ACTIVITY: Pictures are to be left out; every line from the one with "SR 520 at MP 0.9: Montlake Blvd, South" through the end of the data must be transcribed exactly.

──────────────────────────────

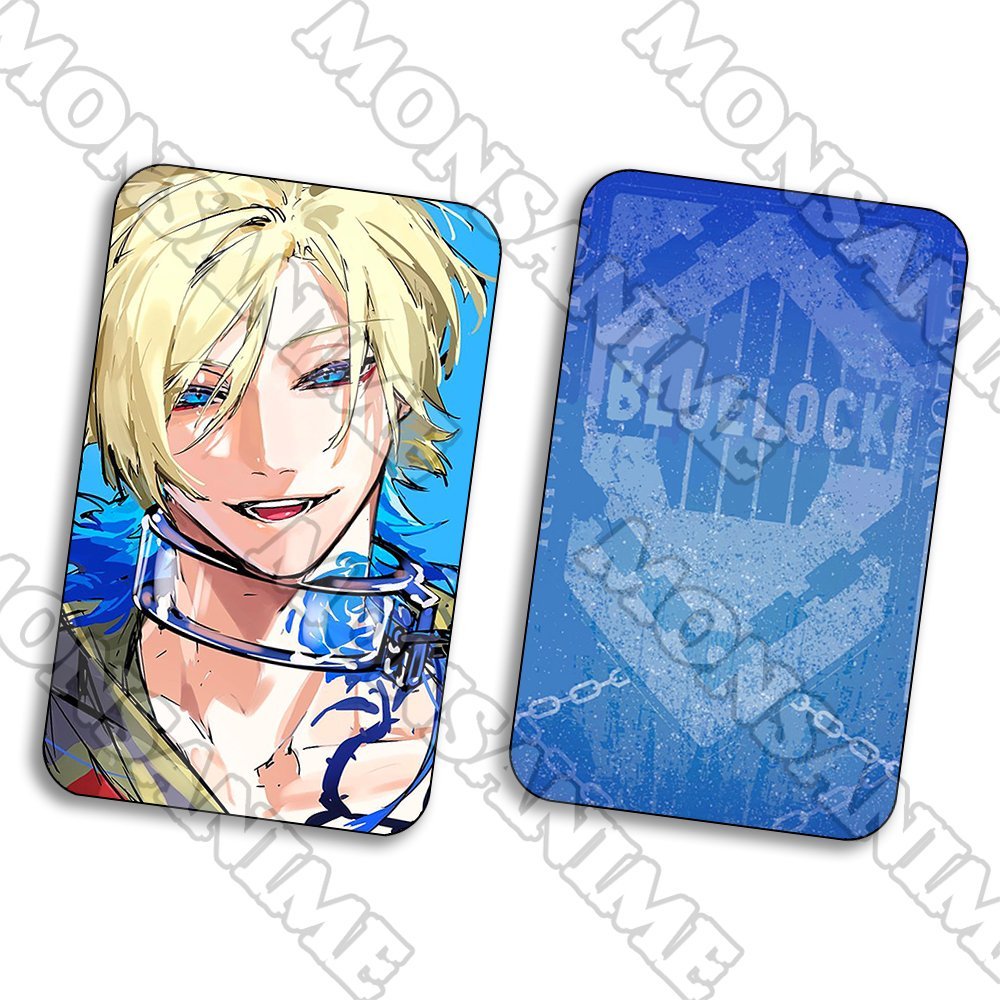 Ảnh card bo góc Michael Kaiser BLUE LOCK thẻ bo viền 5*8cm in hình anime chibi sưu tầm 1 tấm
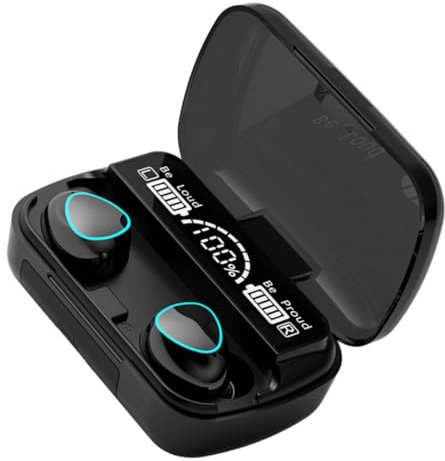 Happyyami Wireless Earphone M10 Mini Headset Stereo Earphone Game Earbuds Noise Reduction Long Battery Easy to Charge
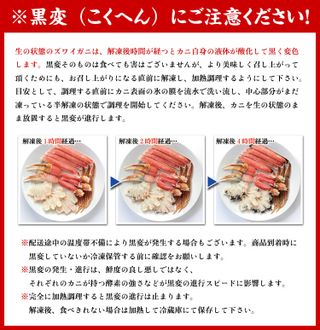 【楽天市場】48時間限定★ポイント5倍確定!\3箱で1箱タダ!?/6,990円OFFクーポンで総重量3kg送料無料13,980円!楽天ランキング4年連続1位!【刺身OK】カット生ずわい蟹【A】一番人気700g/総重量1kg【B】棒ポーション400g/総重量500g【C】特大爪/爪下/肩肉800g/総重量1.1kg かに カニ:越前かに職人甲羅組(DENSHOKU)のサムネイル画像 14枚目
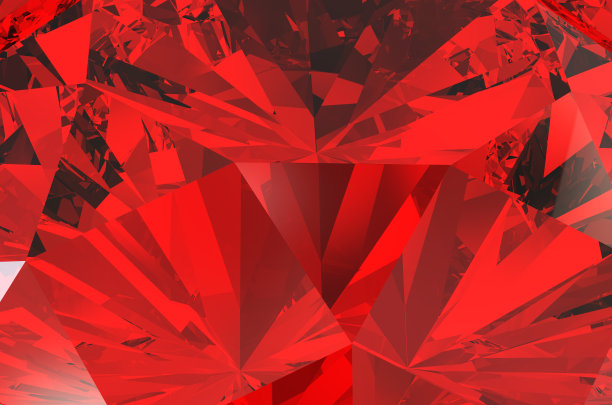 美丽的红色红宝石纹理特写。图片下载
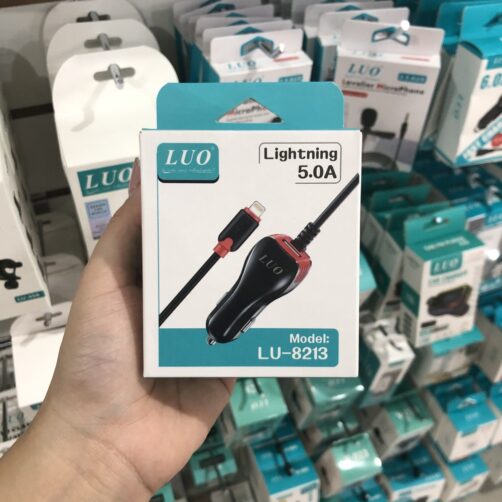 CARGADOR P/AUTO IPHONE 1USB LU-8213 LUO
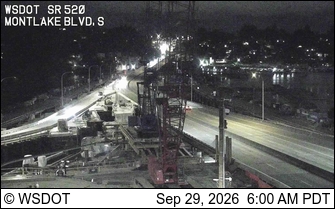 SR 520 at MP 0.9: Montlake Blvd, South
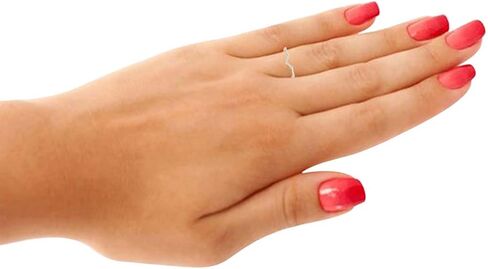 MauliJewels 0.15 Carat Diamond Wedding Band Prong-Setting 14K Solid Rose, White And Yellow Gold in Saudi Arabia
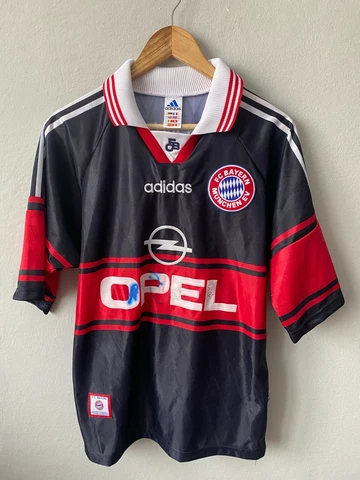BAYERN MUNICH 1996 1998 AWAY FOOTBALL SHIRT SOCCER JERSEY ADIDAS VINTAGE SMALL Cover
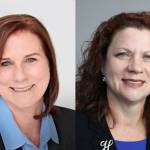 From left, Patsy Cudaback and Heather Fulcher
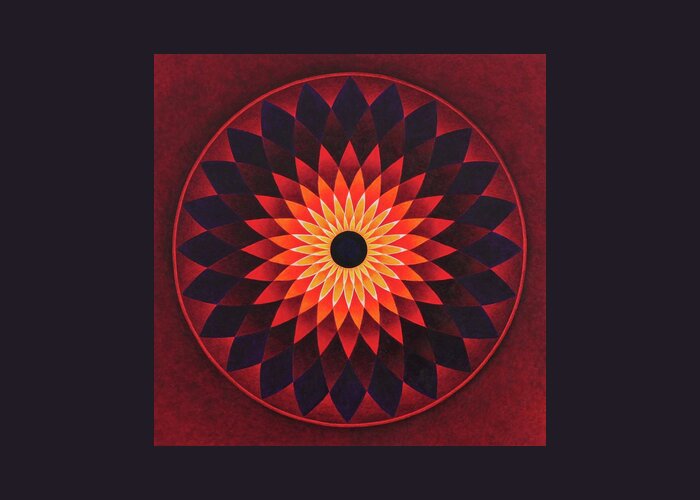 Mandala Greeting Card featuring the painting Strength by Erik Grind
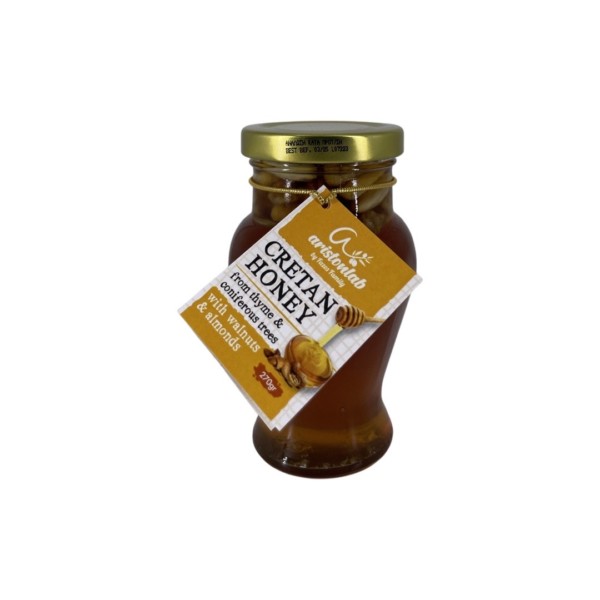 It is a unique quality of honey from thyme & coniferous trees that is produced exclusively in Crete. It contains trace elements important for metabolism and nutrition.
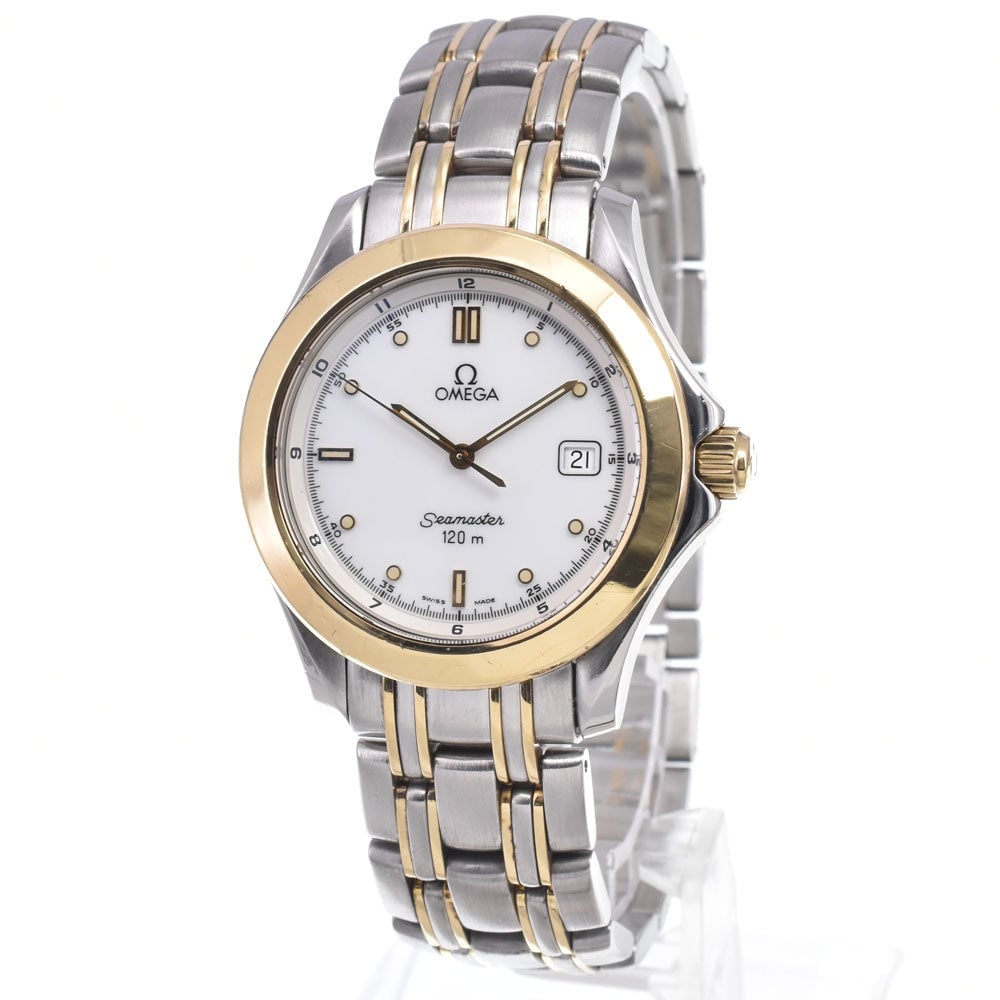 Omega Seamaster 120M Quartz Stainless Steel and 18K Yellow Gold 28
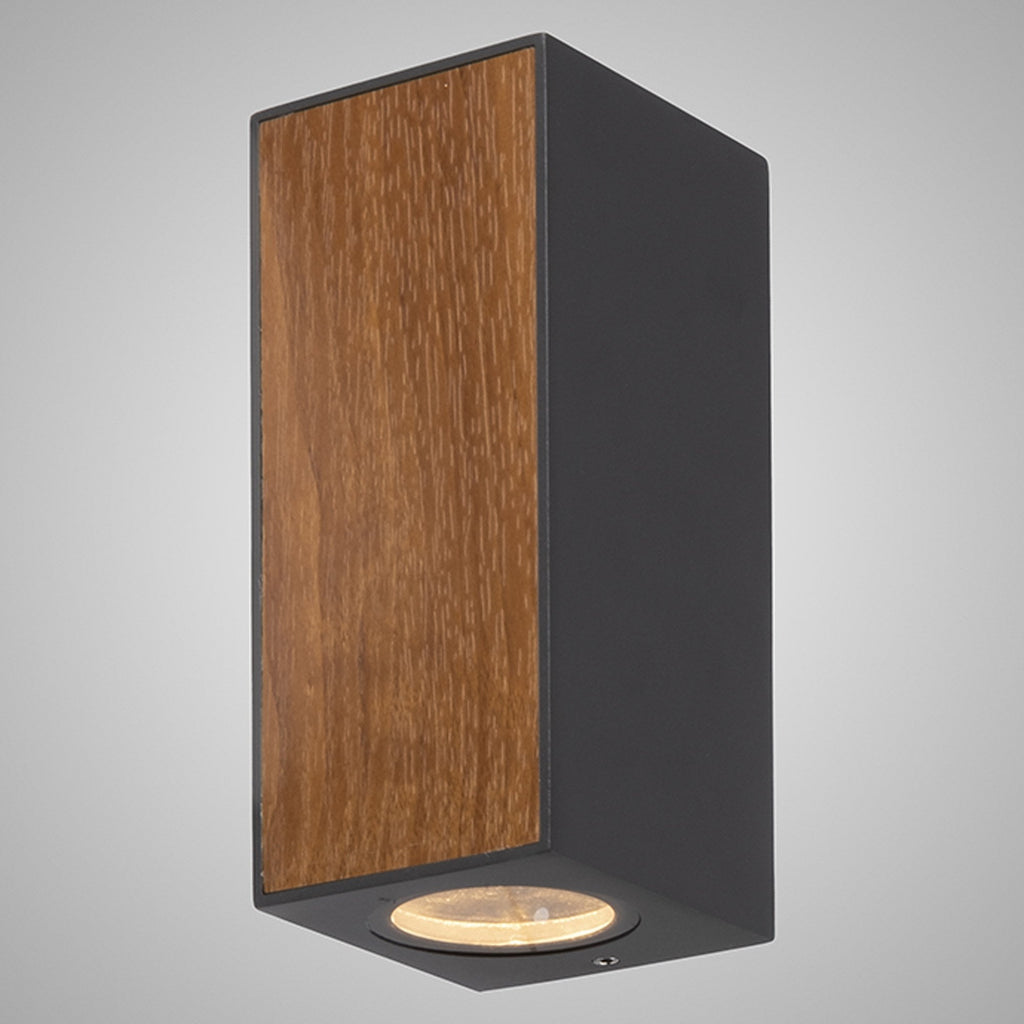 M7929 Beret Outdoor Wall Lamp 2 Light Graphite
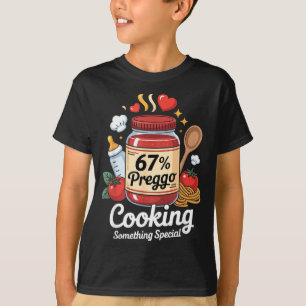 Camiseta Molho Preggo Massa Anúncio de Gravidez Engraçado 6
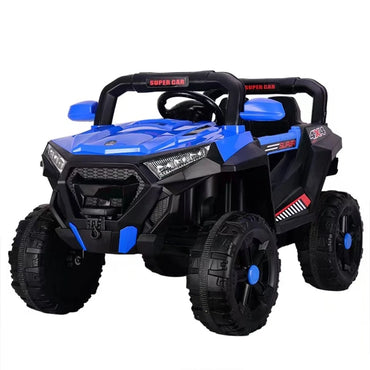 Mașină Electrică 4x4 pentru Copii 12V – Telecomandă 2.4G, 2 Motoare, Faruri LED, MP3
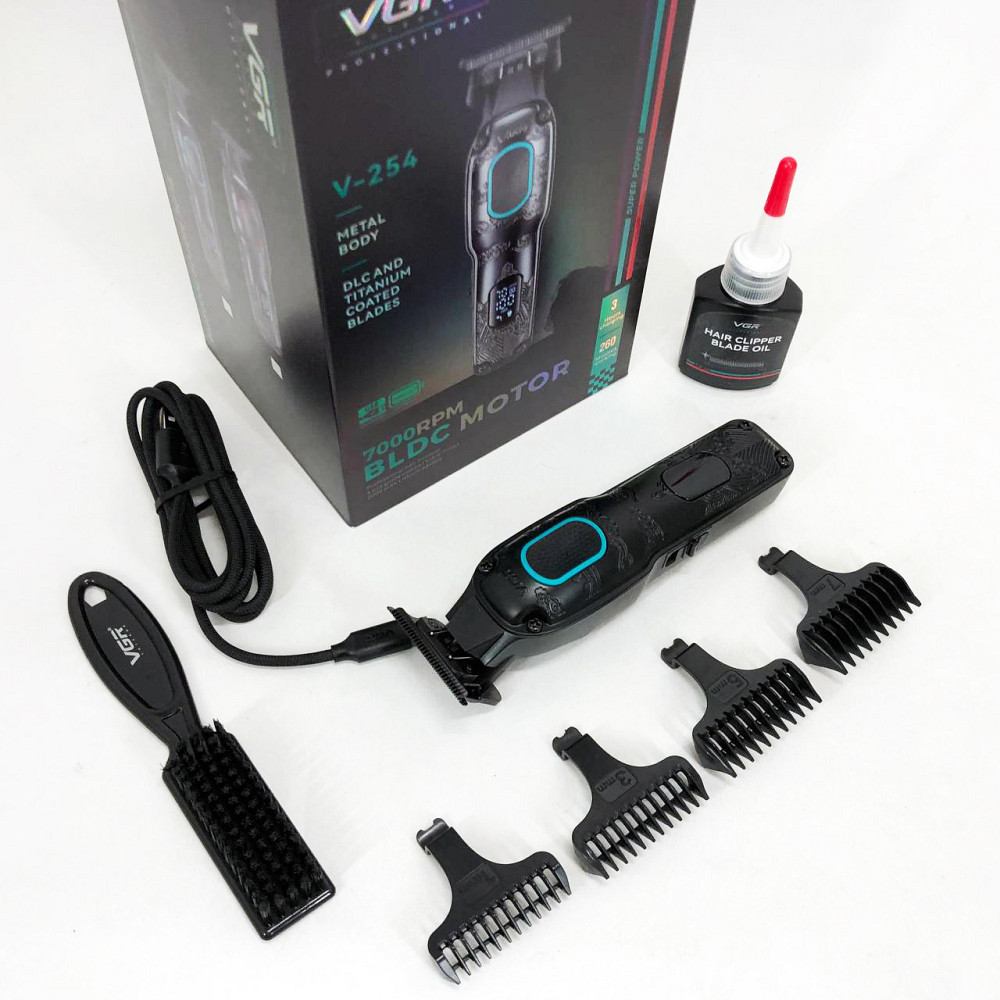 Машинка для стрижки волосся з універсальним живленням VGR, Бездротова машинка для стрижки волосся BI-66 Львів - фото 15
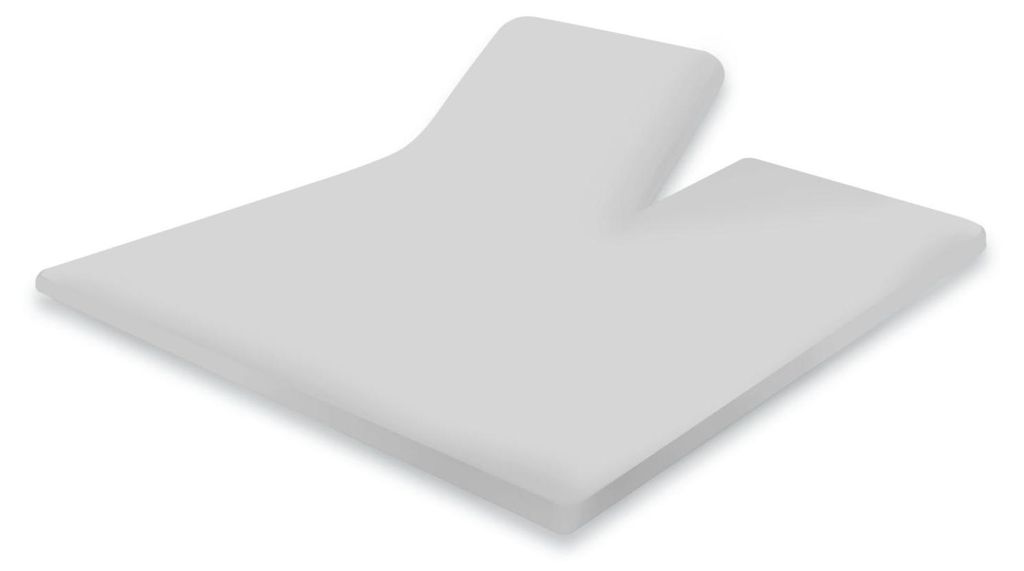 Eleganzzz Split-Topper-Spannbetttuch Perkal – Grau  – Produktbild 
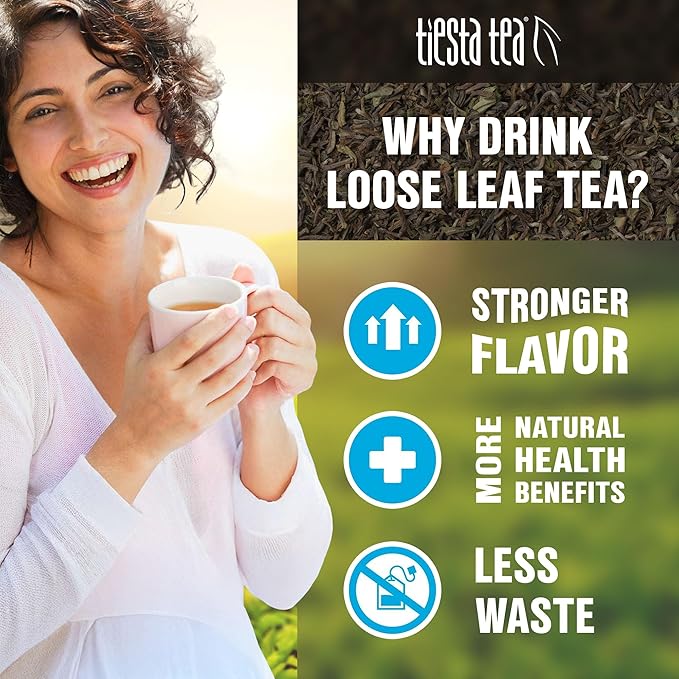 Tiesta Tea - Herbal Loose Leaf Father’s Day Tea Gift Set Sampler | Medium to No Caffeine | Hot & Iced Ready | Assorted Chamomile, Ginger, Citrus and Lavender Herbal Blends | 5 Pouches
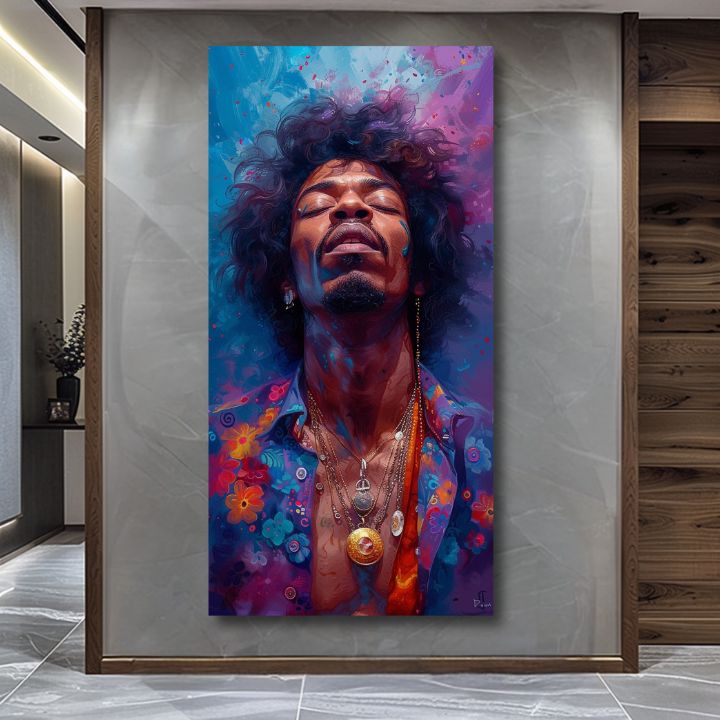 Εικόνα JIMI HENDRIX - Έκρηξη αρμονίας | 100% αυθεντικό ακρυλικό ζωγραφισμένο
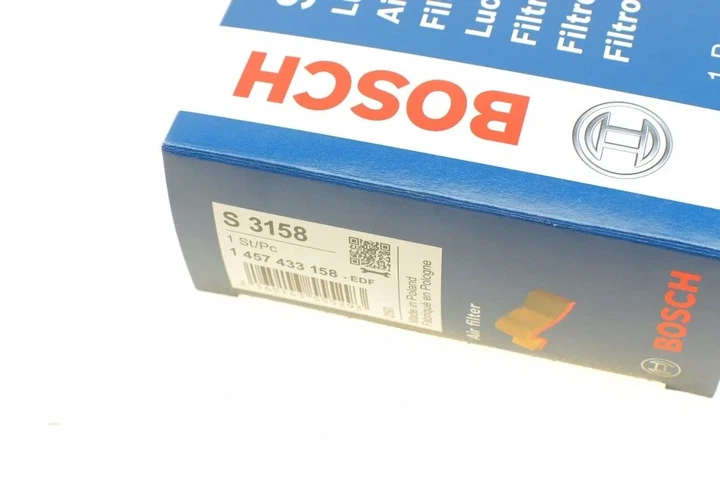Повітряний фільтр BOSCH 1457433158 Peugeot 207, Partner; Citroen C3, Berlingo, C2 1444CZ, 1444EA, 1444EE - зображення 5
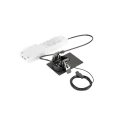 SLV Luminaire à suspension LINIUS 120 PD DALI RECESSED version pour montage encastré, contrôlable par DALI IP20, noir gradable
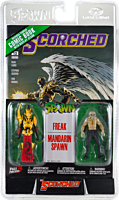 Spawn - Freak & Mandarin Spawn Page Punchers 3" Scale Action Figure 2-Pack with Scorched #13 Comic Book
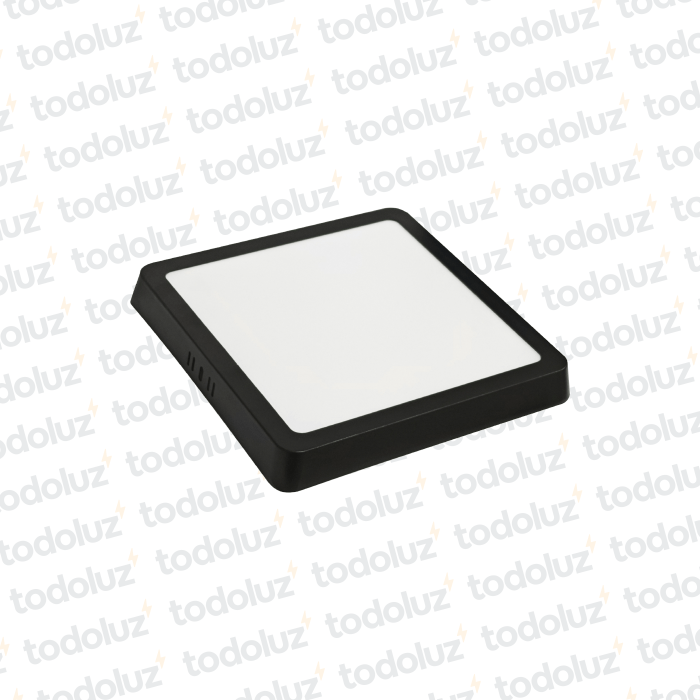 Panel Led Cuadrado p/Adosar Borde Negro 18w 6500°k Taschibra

──────────────────────────────

RESPONSE TO THE EXERCISE:
 SR 520 at MP 0.9: Montlake Blvd, South
 MauliJewels 0.15 Carat Diamond Wedding Band Prong-Setting 14K Solid Rose, White And Yellow Gold in Saudi Arabia
BAYERN MUNICH 1996 1998 AWAY FOOTBALL SHIRT SOCCER JERSEY ADIDAS VINTAGE SMALL Cover
 From left, Patsy Cudaback and Heather Fulcher
 Mandala Greeting Card featuring the painting Strength by Erik Grind
 It is a unique quality of honey from thyme & coniferous trees that is produced exclusively in Crete. It contains trace elements important for metabolism and nutrition.
 Omega Seamaster 120M Quartz Stainless Steel and 18K Yellow Gold 28
 M7929 Beret Outdoor Wall Lamp 2 Light Graphite
 Camiseta Molho Preggo Massa Anúncio de Gravidez Engraçado 6
 Mașină Electrică 4x4 pentru Copii 12V – Telecomandă 2.4G, 2 Motoare, Faruri LED, MP3
 Машинка для стрижки волосся з універсальним живленням VGR, Бездротова машинка для стрижки волосся BI-66 Львів - фото 15
 Eleganzzz Split-Topper-Spannbetttuch Perkal – Grau  – Produktbild 
 Tiesta Tea - Herbal Loose Leaf Father’s Day Tea Gift Set Sampler | Medium to No Caffeine | Hot & Iced Ready | Assorted Chamomile, Ginger, Citrus and Lavender Herbal Blends | 5 Pouches
 Εικόνα JIMI HENDRIX - Έκρηξη αρμονίας | 100% αυθεντικό ακρυλικό ζωγραφισμένο
Повітряний фільтр BOSCH 1457433158 Peugeot 207, Partner; Citroen C3, Berlingo, C2 1444CZ, 1444EA, 1444EE - зображення 5
 SLV Luminaire à suspension LINIUS 120 PD DALI RECESSED version pour montage encastré, contrôlable par DALI IP20, noir gradable
 Spawn - Freak & Mandarin Spawn Page Punchers 3" Scale Action Figure 2-Pack with Scorched #13 Comic Book
 Panel Led Cuadrado p/Adosar Borde Negro 18w 6500°k Taschibra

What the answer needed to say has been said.